* **Data excerpt**:
*** Begin section ***

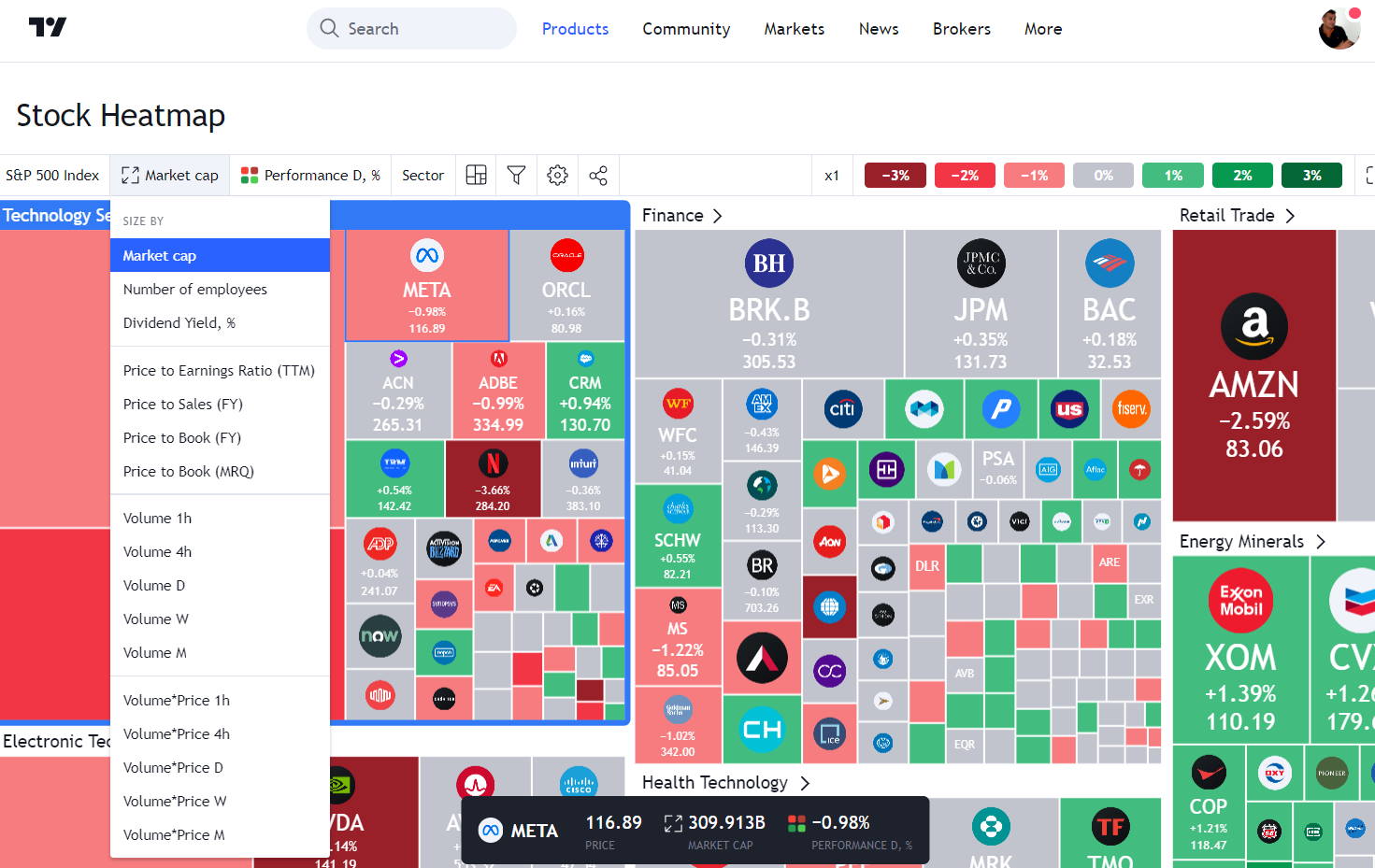 TradingView Heatmap: 45 Filters for 84 Stock Exchanges, Forex & Crypto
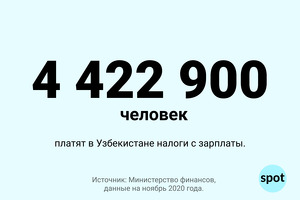 Цифра: сколько людей в Узбекистане платят налоги с зарплаты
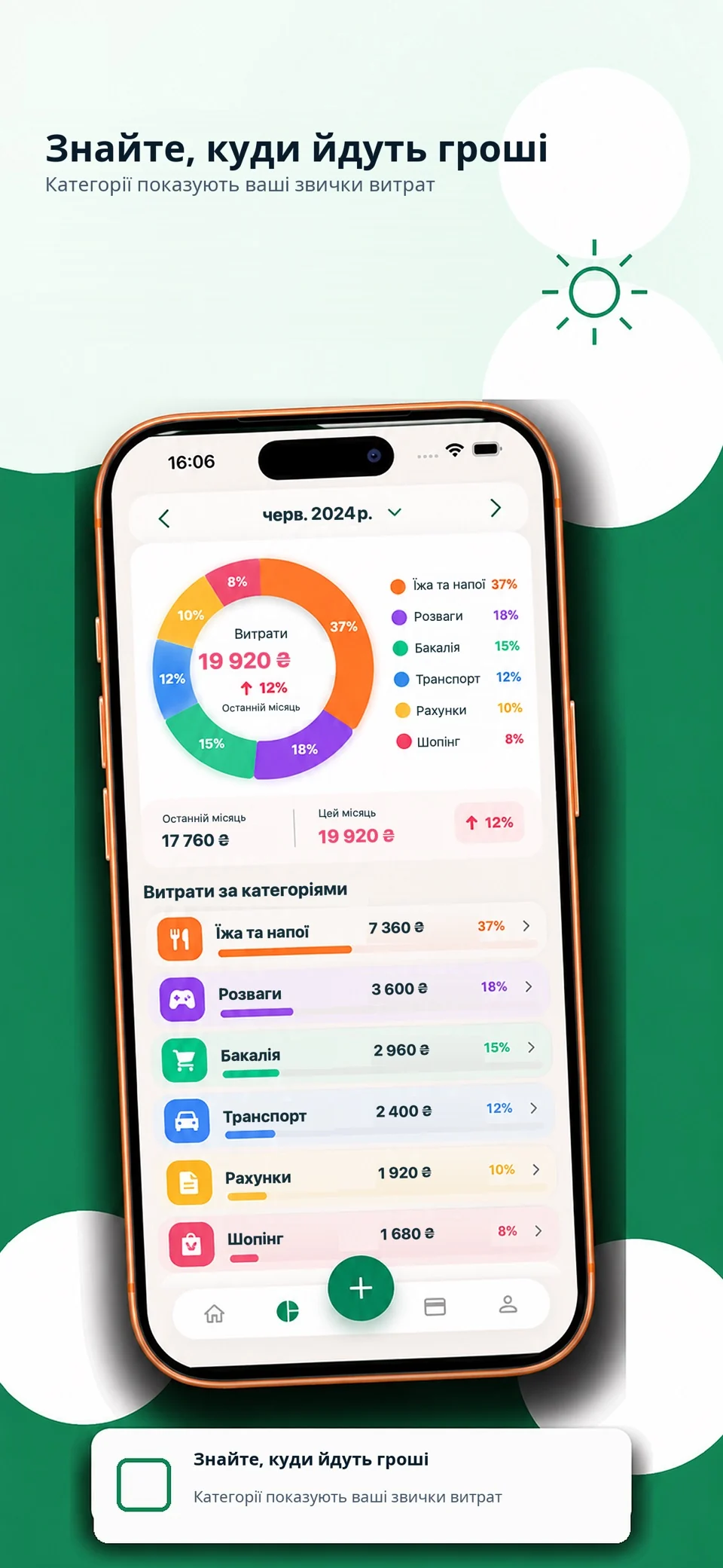 Money Locket: Витрати — 4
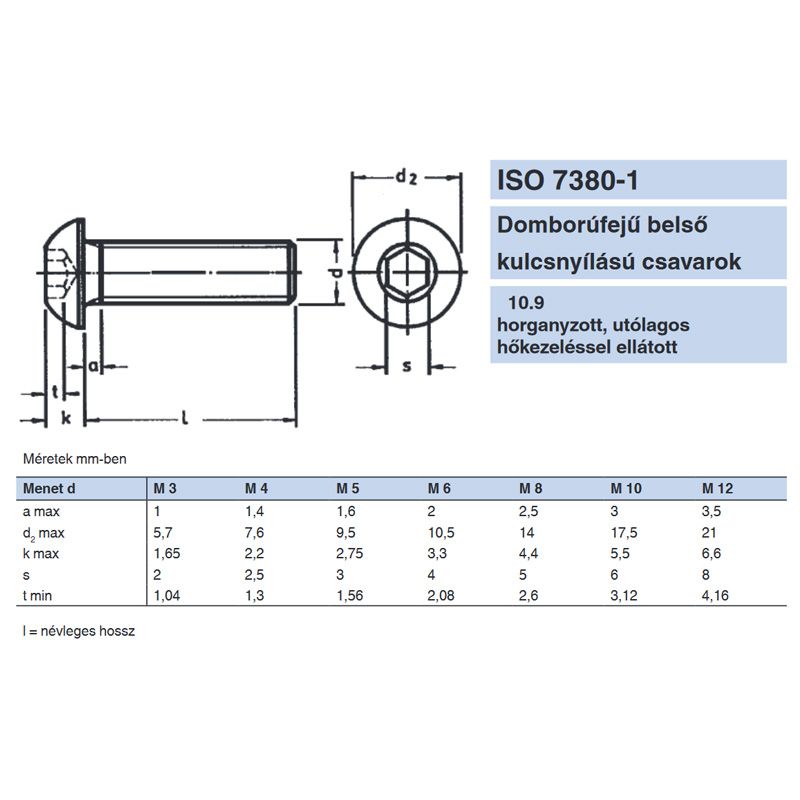 BK FÉLGÖMBFEJŰ M03*10 ISO 7380 10.9 HORG. IMPORT METRIKUS CSAVAROK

*** End section ***

Take the line with "Money Locket: Витрати — 4" and every line after it through the end of the data, and write only them out exactly, leaving out the pictures.

 Money Locket: Витрати — 4
 BK FÉLGÖMBFEJŰ M03*10 ISO 7380 10.9 HORG. IMPORT METRIKUS CSAVAROK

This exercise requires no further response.